Rua da Fé

sexta-feira, junho 02, 2006

A tentação da razão

O João Miguel Tavares escreve hoje no DN um artigo entitulado Dan Brown VS Bento XVI mas que podia bem ser Razão VS Fé. O espantoso neste artigo é que reproduz aquilo que é conhecido como Racionalismo Construtivista. Descartes, ao defender que a dúvida metódica, aonde chegamos pela experiência do erro, é um instrumento necessário para se chegar ao conhecimento claro e distinto, e que tudo o que suscitar a menor dúvida deve se refutado, iniciou uma corrente de pensamento que só aceita como verdadeiro o que resistir à dúvida e se mostrar firme e de acordo com o princípio da indubitabilidade, isto é, tudo quanto estiver conforme ao conhecimento claro e distintamente deduzido e intuído.

Quais as implicações deste princípio?
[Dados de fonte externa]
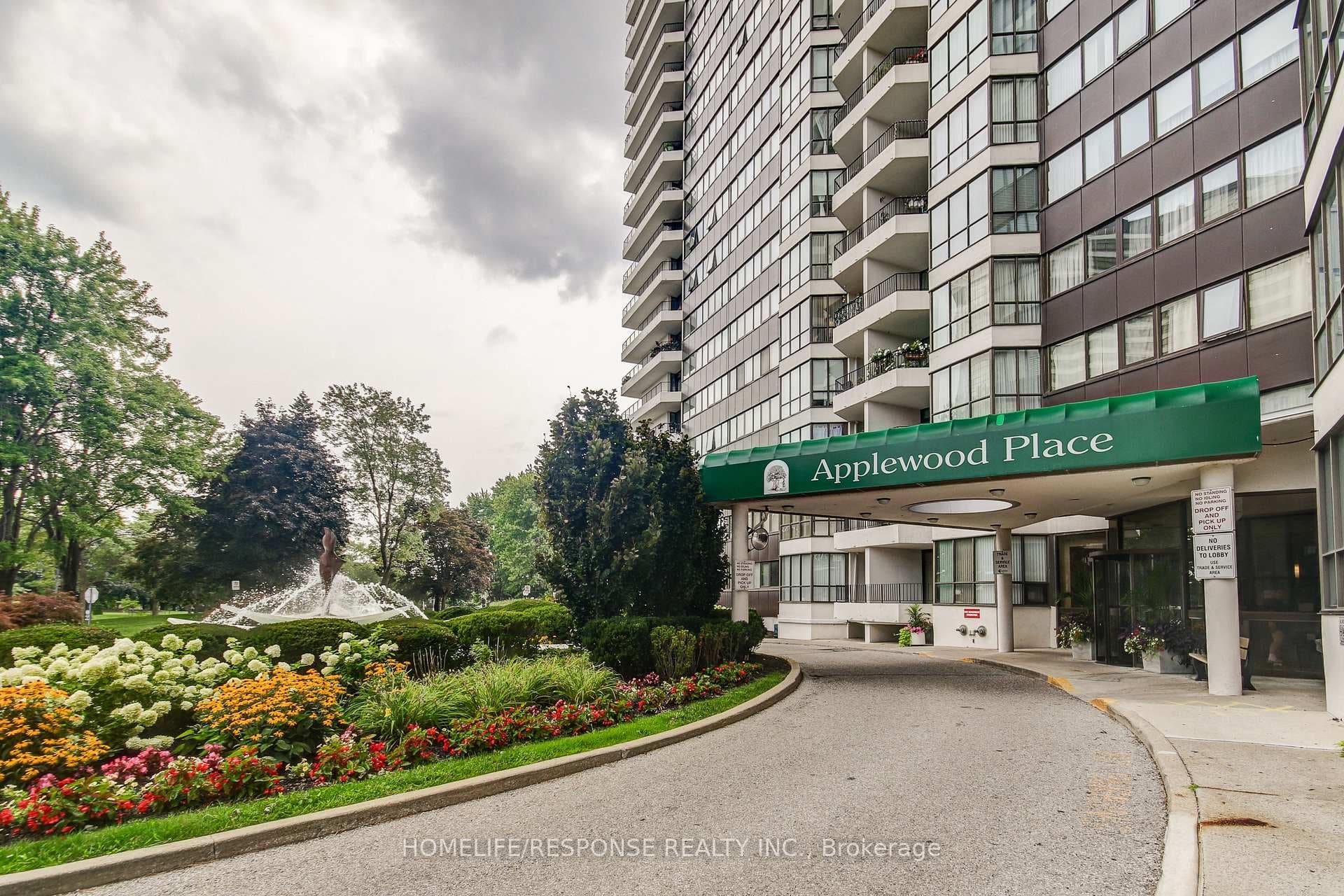 1333 BLOOR Street Unit 1019 photo 3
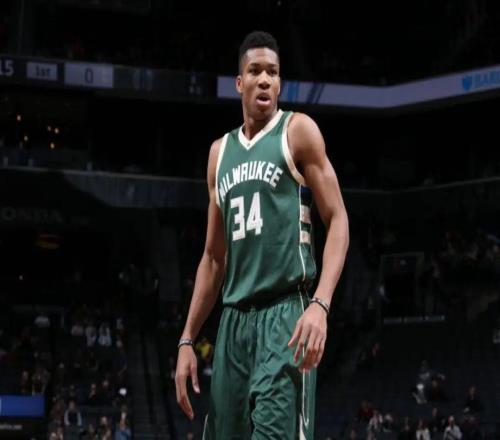 字母哥表態(tài)了，雄鹿是不是該吃一把回頭草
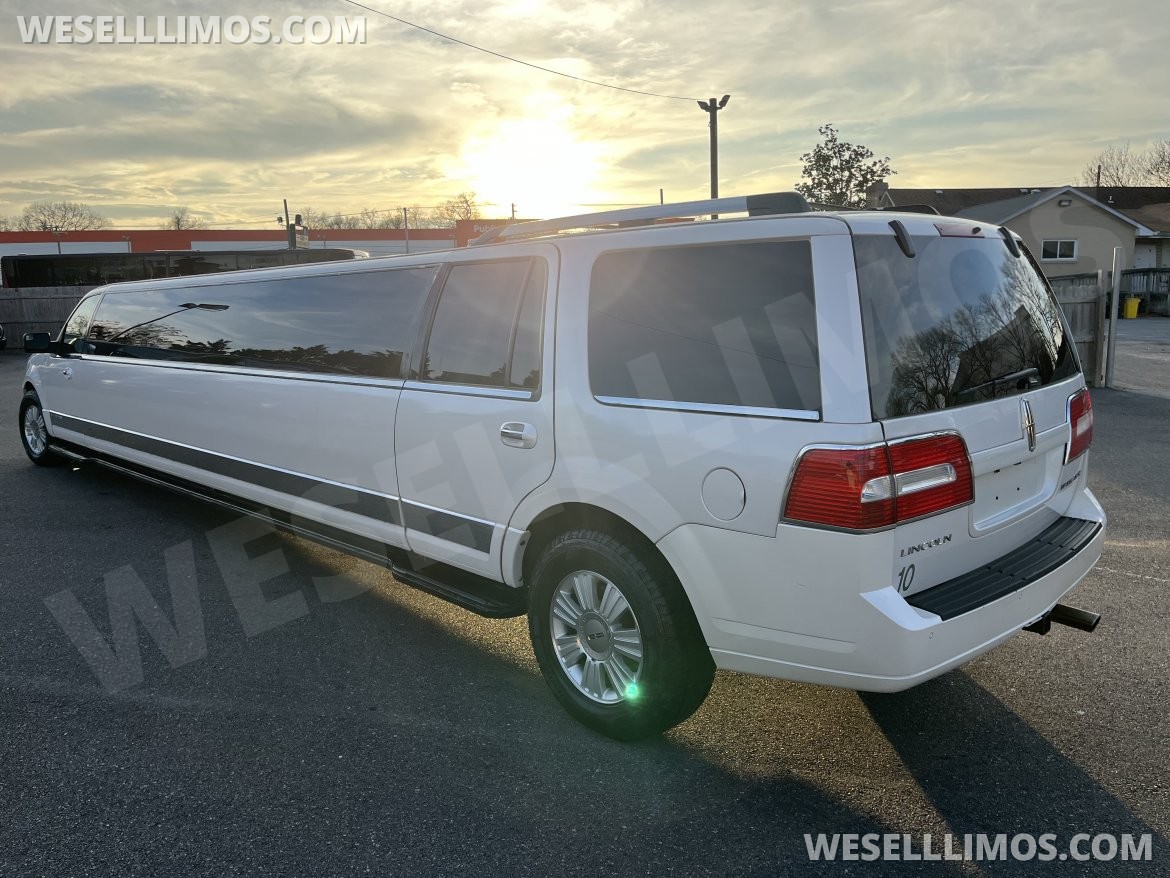 2013 Moonlight Lincoln Navigator SUV Stretch - Photo 5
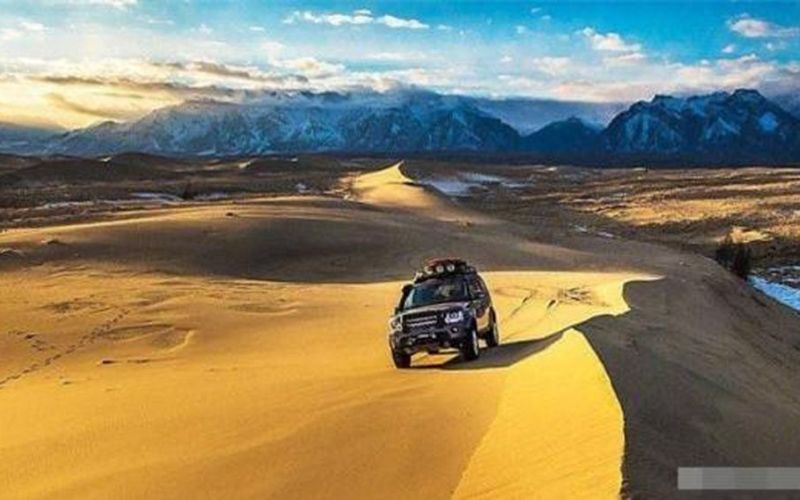 Sa mạc kỳ lạ nhất trên thế giới, được bao quanh bởi những ngọn núi và hồ phủ đầy tuyết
O que catalisa todas as soluções racionais-construtivistas é a crença comum num homem capaz de alterar as instituições da sociedade e da civilização à vontade, para satisfazer os seus desejos e caprichos, na medida em que foi quem as criou. A razão possui assim total poder para arquitectar as boas instituições, pois só o que resulta de deduções a partir de premissas explícitas, claras e distintas será válido e verdadeiro.

É isto que parece confortar João Miguel Tavares e permitiu a muitos antes dele rejeitarem como falsos os costumes, as práticas, tradições e tudo quanto, ainda que seja fonte e fundamento da validade das regras tradicionais da moral e do direito não se pode justificar pela razão.

O perigo deste poder da razão reside no facto de ser tão atractivo que cega, na medida em que não predispõe ao debate e ao confronto de argumentos, impede o reconhecimento do valor da experiência, obstruí o emergir de uma consciência crítica sobre os limites da razão.

Saberá o João Miguel Tavares que foi a partir das ideias do século XVIII, do poder da ciência, de nação e de revolução, a que o século XIX juntou a crença na vontade pura do homem, capaz de determinar a seu futuro, que se inventaram as ideologias que o século XX viu realizadas?

Ao escrever o que escreveu da forma como escreveu, João Miguel Tavares não percebeu rigorosamente nada do sentido e significado da passagem de Bento XVI por Auschwitz.